Want to know an asset class that’s almost a surefire winner for the next five years? It’s razor blades.
We’re deadly serious. Figure out how many blades you go through in a year, then go to Costco or Sam’s Club or BJ’s and buy five times that amount. We can nearly guarantee a return on your investment at the end of the first year because by that time the price will be higher. And the returns will only get better as time goes by.
Our modest suggestion is a good starting point for an investing strategy now more than three decades old — long forgotten but still relevant. Turns out it’s easier than ever to implement now in the 21st century…
“Simply stated, invest your savings in those real things that you will be consuming in the future. Save only real wealth.”
We hope we don’t have to convince you that your cost of living is rising and your dollar is shrinking — media prattle notwithstanding.
“Yes, We Have No Inflation,” read a New York Times blog entry in late June, reporting that the “PCE” measure of inflation from the Commerce Department rose 1.1% year over year. (It has since accelerated to 1.2%.) “While some other measures of inflation are rising a little more quickly,” the Gray Lady reported, “the Federal Reserve regards this one as most accurate.”
The story was too much for some readers, who added their comments at the end of the article.
“It astonishes me,” said one, “that The New York Times seems not interested or able to present a balanced, real-life depiction of inflation as experienced by the middle class (do we still exist?) in this time.” Touching naivety, no?
“Yes,” said another, “the mere fact that all the items that the average person buys increase in price every month is of no interest to economists. They rely instead on government statistics.”
Simply reading between the lines of government statistics gives you a more realistic picture. Consider the prices of the proverbial gallon of milk and loaf of bread as reckoned by the Labor Department.
Sure, they’re volatile — which is why government economists claim the prices of food and energy should be excluded from their calculations. But it’s obvious the long-term trend is up.

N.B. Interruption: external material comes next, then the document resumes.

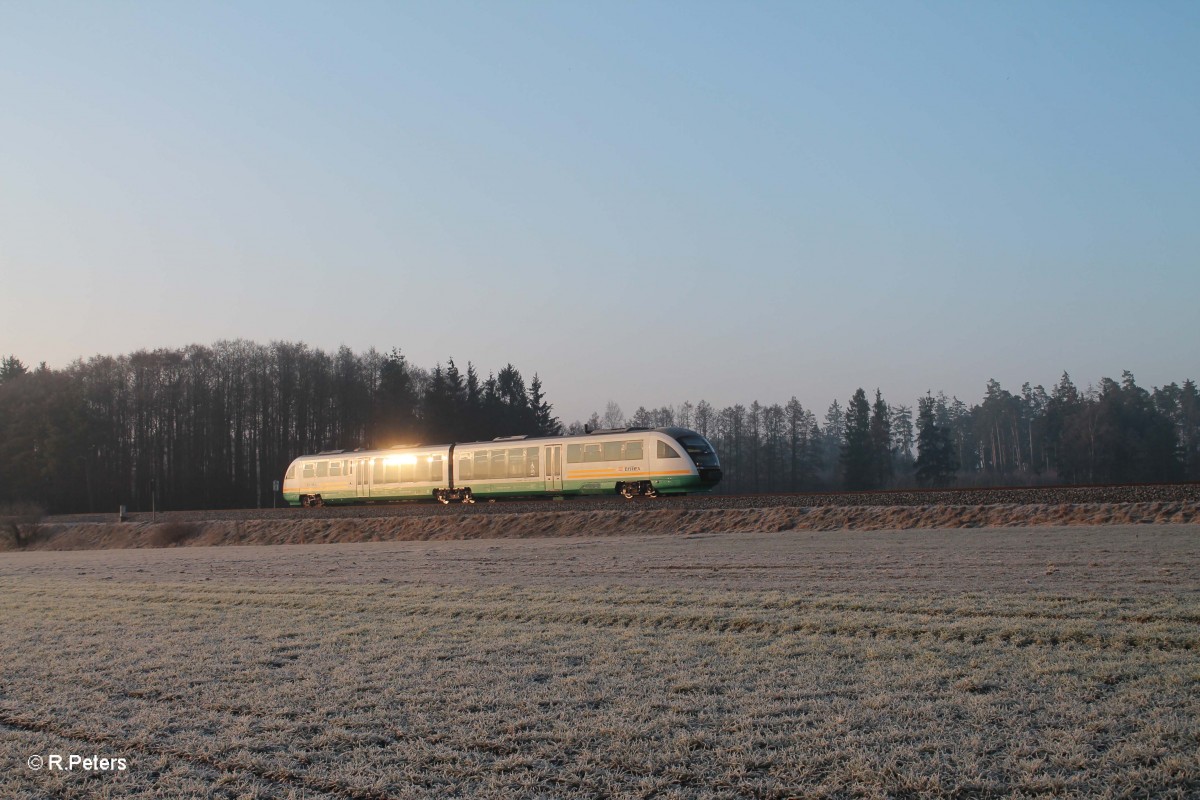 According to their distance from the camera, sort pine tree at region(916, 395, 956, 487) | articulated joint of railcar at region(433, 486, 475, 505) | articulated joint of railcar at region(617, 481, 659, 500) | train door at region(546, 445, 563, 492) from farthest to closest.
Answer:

And while milk and bread don’t have long shelf lives, there’s a host of other goods you buy every month — like razor blades — that can last for years or even indefinitely. Stocking up on those goods is what this forgotten strategy to preserve your purchasing power is all about.
The usual guidance to fight a rising cost of living is to buy precious metals. Which the late John Pugsley thought was a fine idea… but he preferred to attack the problem at the source.
Pugsley was one of the pioneers of the 1970s’ “hard money” movement, publishing a newsletter that urged readers to buy gold as soon as gold once again became legal for Americans to own in 1974.
But by 1980, gold was climbing down from an $800 high that wouldn’t be seen again for 27 years. And Pugsley refined his guidance in a pathbreaking book called The Alpha Strategy: The Ultimate Plan of Financial Self-Defense. Alpha is the first letter of the Greek alphabet, and Pugsley defined the Alpha Strategy as “the first plan for any individual to protect his wealth.”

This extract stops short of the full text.